▸ What to work on
Transcribe nothing but the lines from the one with "Rumford Passport Office" to the end of the entries, both included, keeping each exact and leaving every picture out.

▸ Provided entries
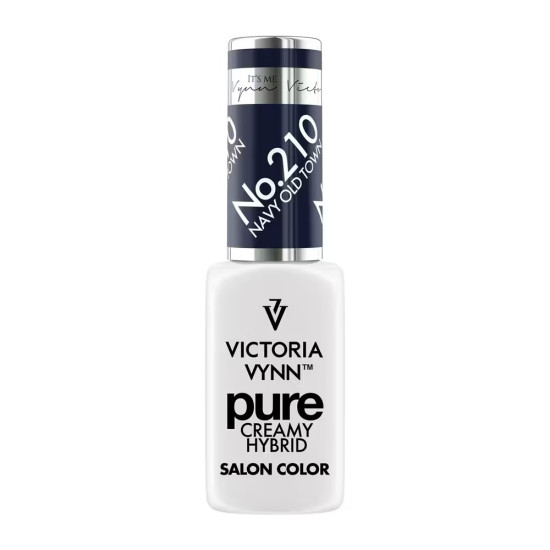 PURE CREAMY HYBRID – 210 Navy Old Town 8ml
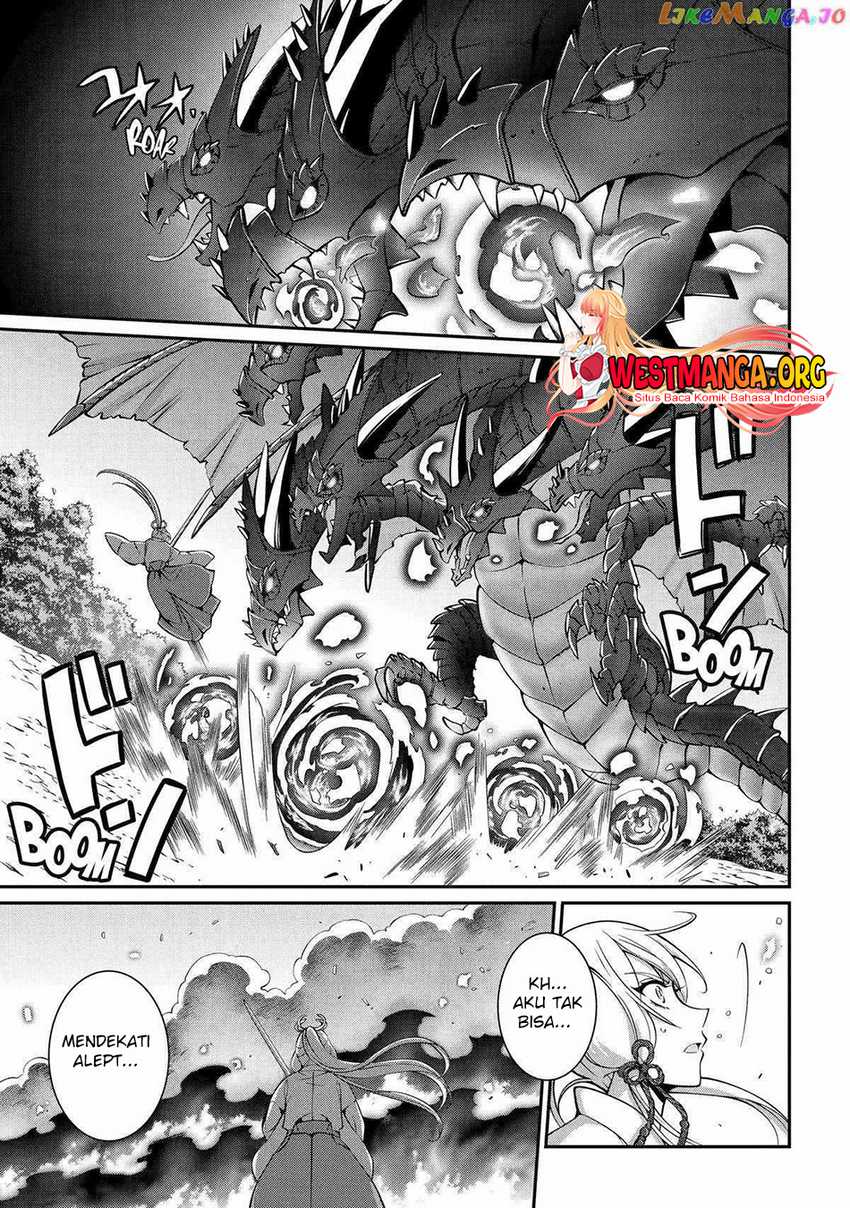 Shikkoku tsukai no saikyo yusha nakama zen’in ni uragira retanode saikyo no mamono Chapter 76 - halaman 5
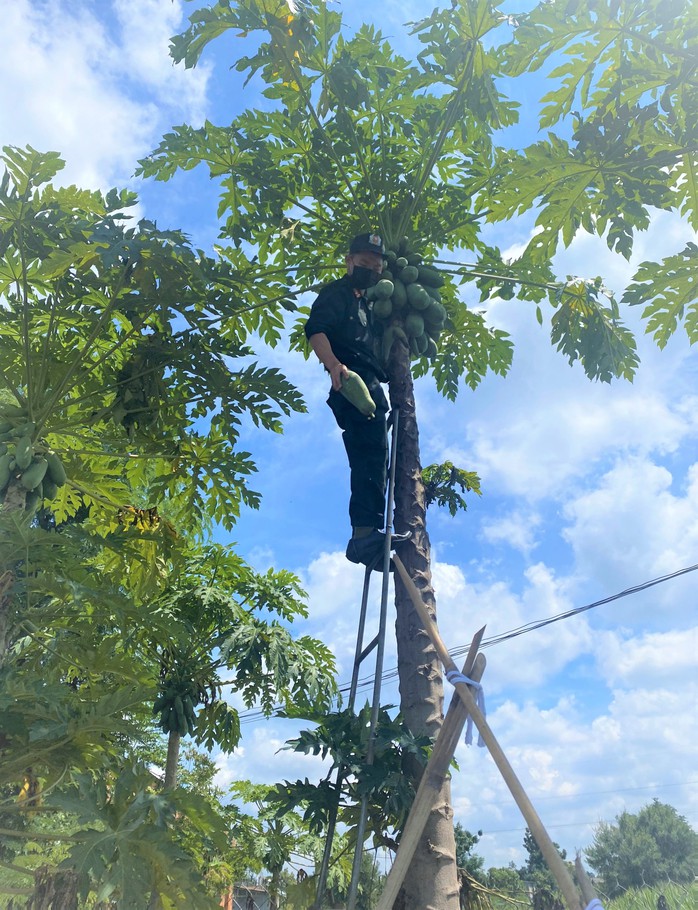 Công an gánh vác việc cho dân - Ảnh 4.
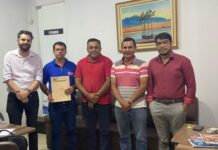 BRK Ambiental atende reivindicações do Vereador Napoleão Dionísio e melhora a qualidade da água servida à população de Lagoa da Confusão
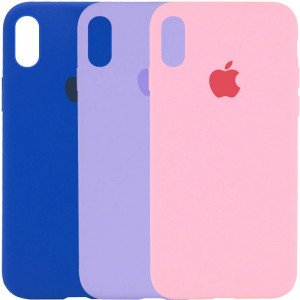 Чохол Silk Full Protective (AA) на Apple iPhone XS Max (6.5")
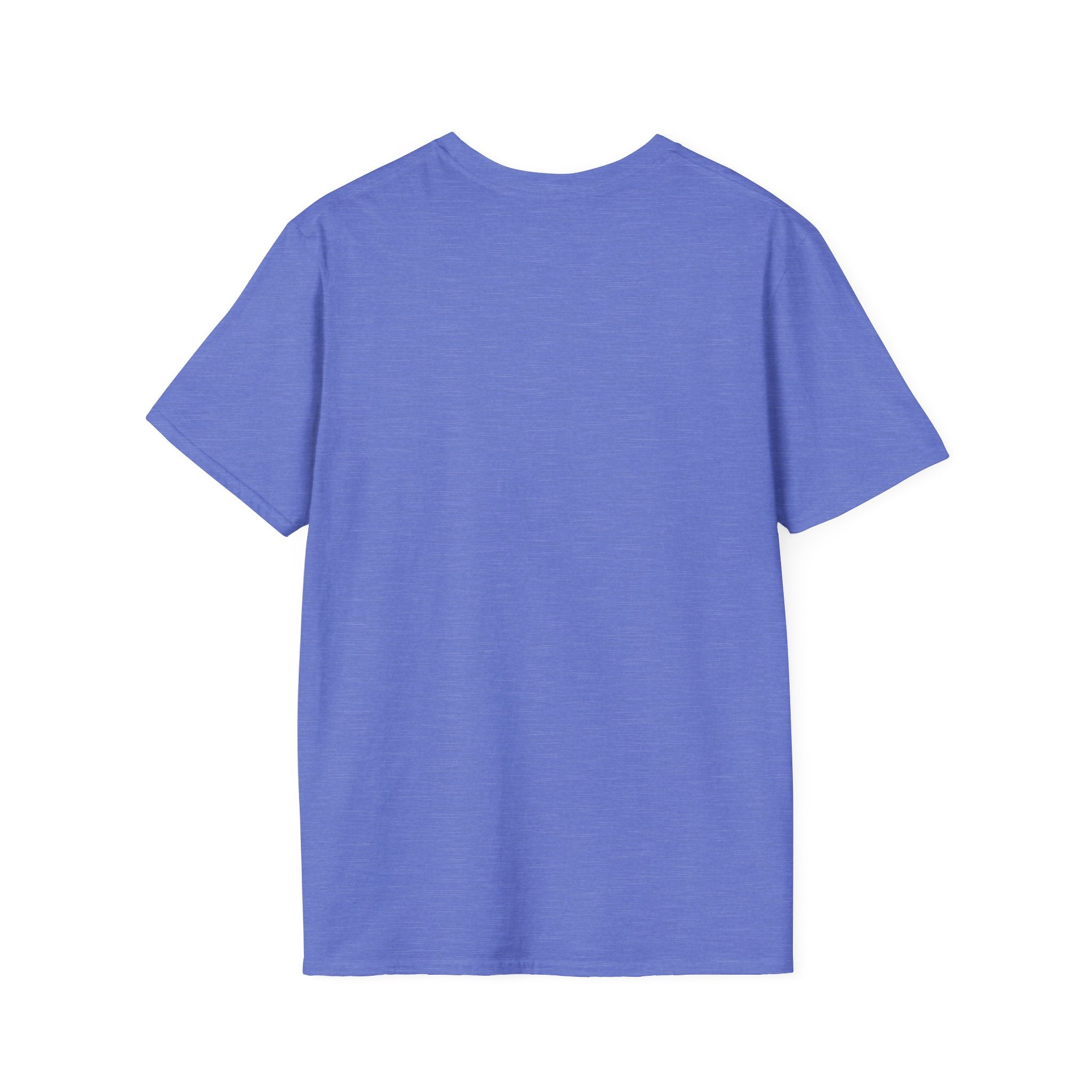 Stay Curious Purple Creature T-Shirt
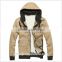 Men's clothing fashion style chain wide sweatshirt with zipper hoodie thin hoodies for sport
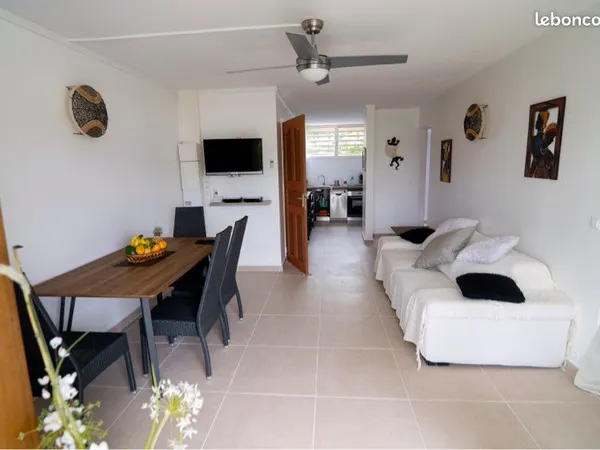 Appartement T3 meublé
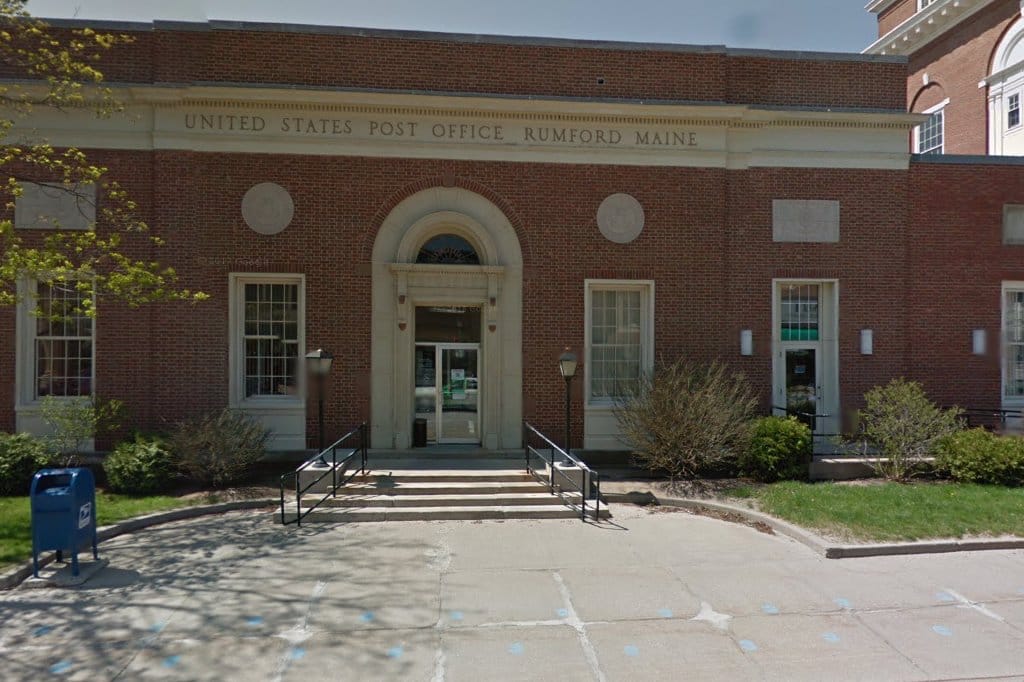 Rumford Passport Office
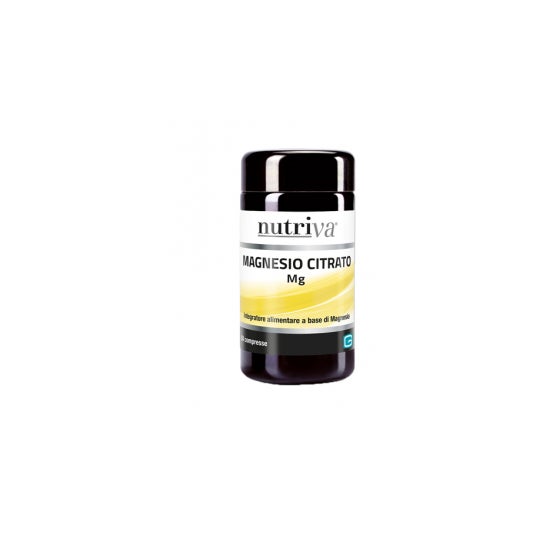Citrato de Magnesio Nutrido 50Cpr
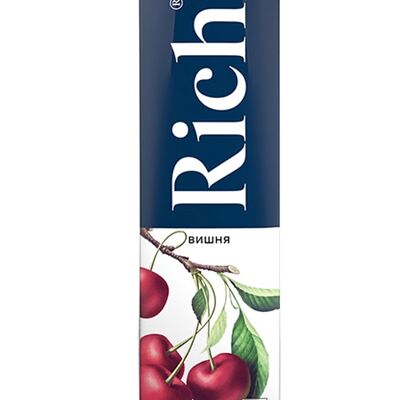 Сок Rich Вишня в Сунжа по цене 700 ₽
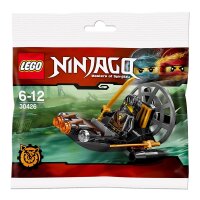 LEGO NINJAGO 30426 - Sumpfboot auf geheimer Mission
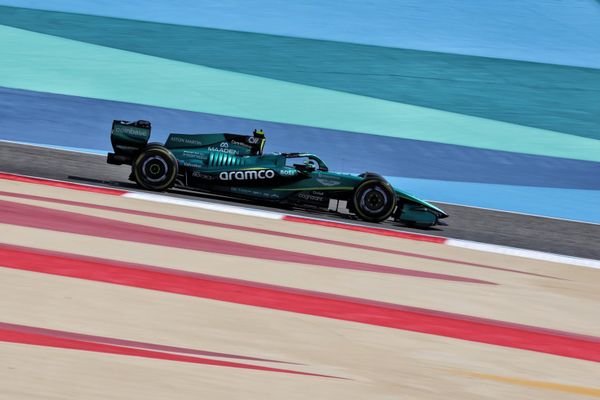 Fernando Alonso, Aston Martin, F1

▸ Problem solution
 Rumford Passport Office
Citrato de Magnesio Nutrido 50Cpr
 Сок Rich Вишня в Сунжа по цене 700 ₽
 LEGO NINJAGO 30426 - Sumpfboot auf geheimer Mission
 Fernando Alonso, Aston Martin, F1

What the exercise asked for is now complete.